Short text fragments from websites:
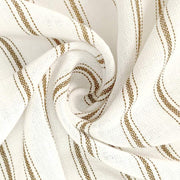 //img.ltwebstatic.com/v4/j/pi/2026/06/11/e9/1781159249aa09eea9d940668cb6cb9e9a54e59c62_thumbnail_900x.webp
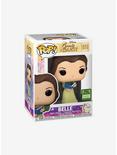 Funko Pop! Disney Beauty and the Beast Belle Vinyl Figure - 2021 Spring Convention Exclusive, , alternate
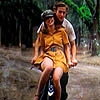 the notebook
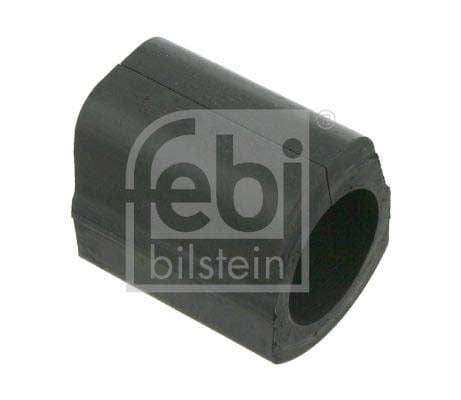 Febi Bilstein 07205 Anti Roll Bar Bush Suitable For Mercedes-Benz T1 Bus | ML Performance UK Car Parts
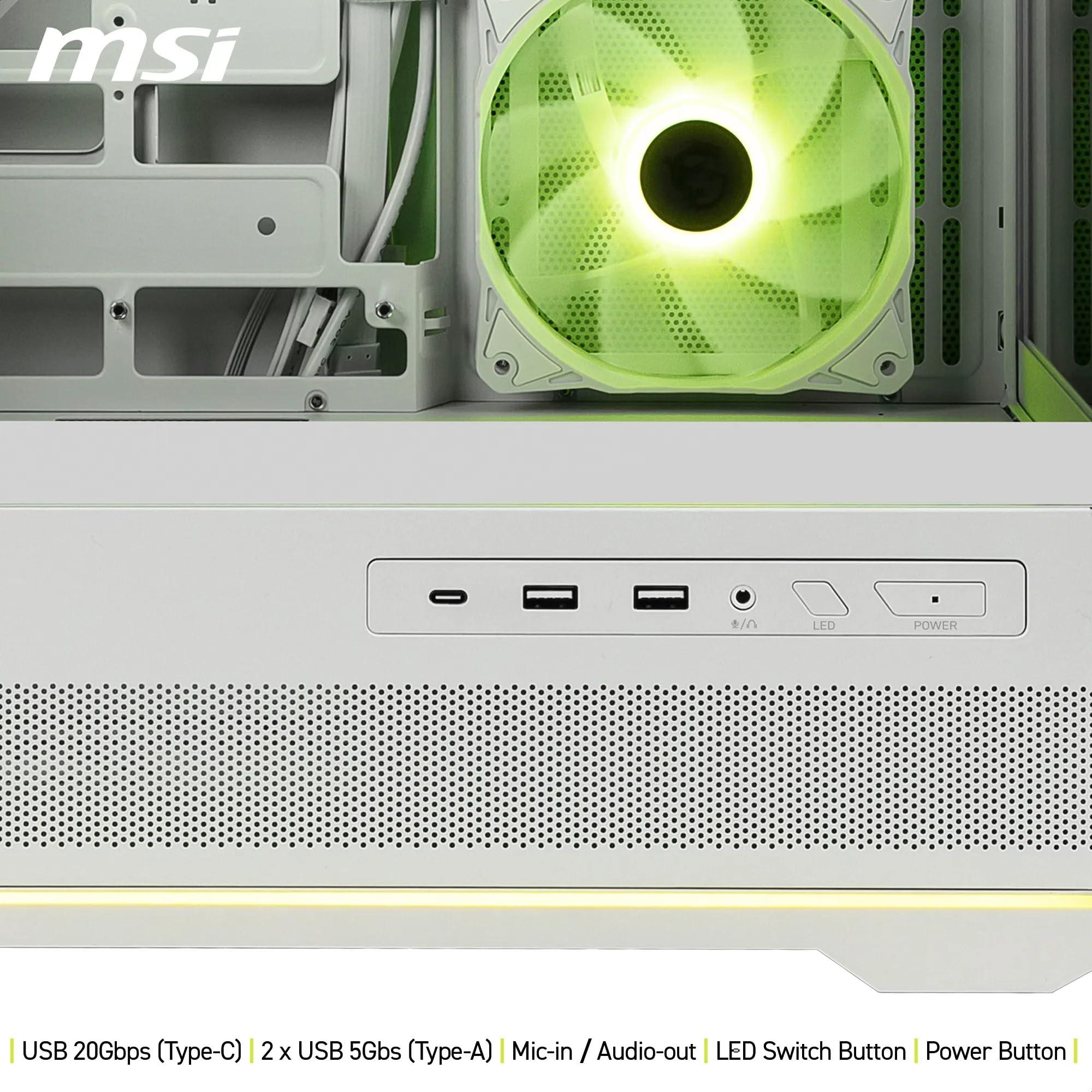 mag-pano-110r-pz-white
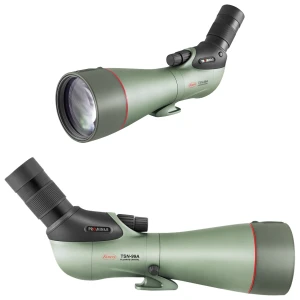 Luneta obserwacyjna Kowa TSN-99A Prominar 30-70x zoom kątowa do ptaków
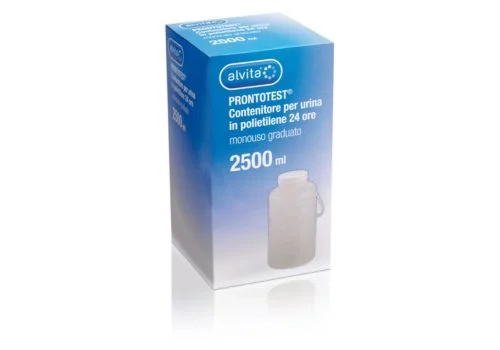 pharmasi960090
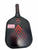 Used Franklin JET Pickleball Paddle Black 11731-S000167658 View 2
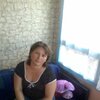 анна, 41, г.Озерск(Калининградская обл.) анна, 41, г.Озерск(Калининградская обл.)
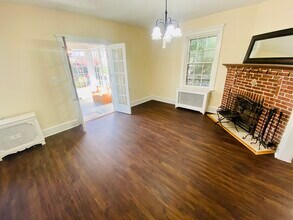 1422 Markley St in Norristown, PA - Building Photo - Building Photo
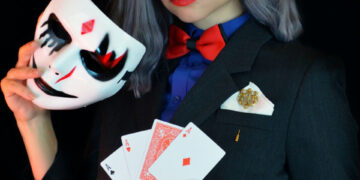 Online-Casino-2
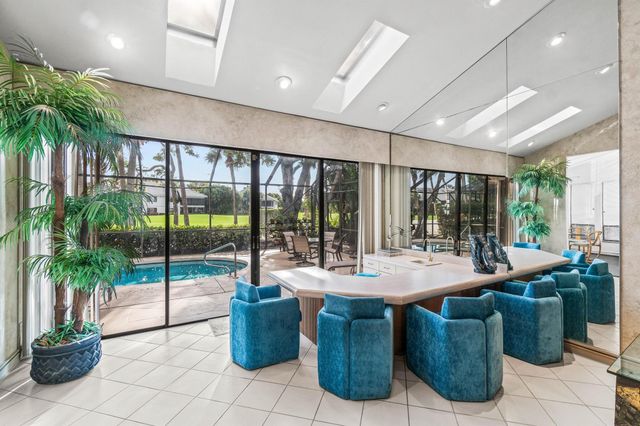 5441 Steeple Chase, Boca Raton, FL 33496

◆ **What the task asks**: Above are the records. Copy exactly, and only, the lines from the line containing "Used Franklin JET" through the last one, omitting any pictures.

◆ **Solved exercise**:
 Used Franklin JET Pickleball Paddle Black 11731-S000167658 View 2
 анна, 41, г.Озерск(Калининградская обл.) анна, 41, г.Озерск(Калининградская обл.)
 1422 Markley St in Norristown, PA - Building Photo - Building Photo
 Online-Casino-2
 5441 Steeple Chase, Boca Raton, FL 33496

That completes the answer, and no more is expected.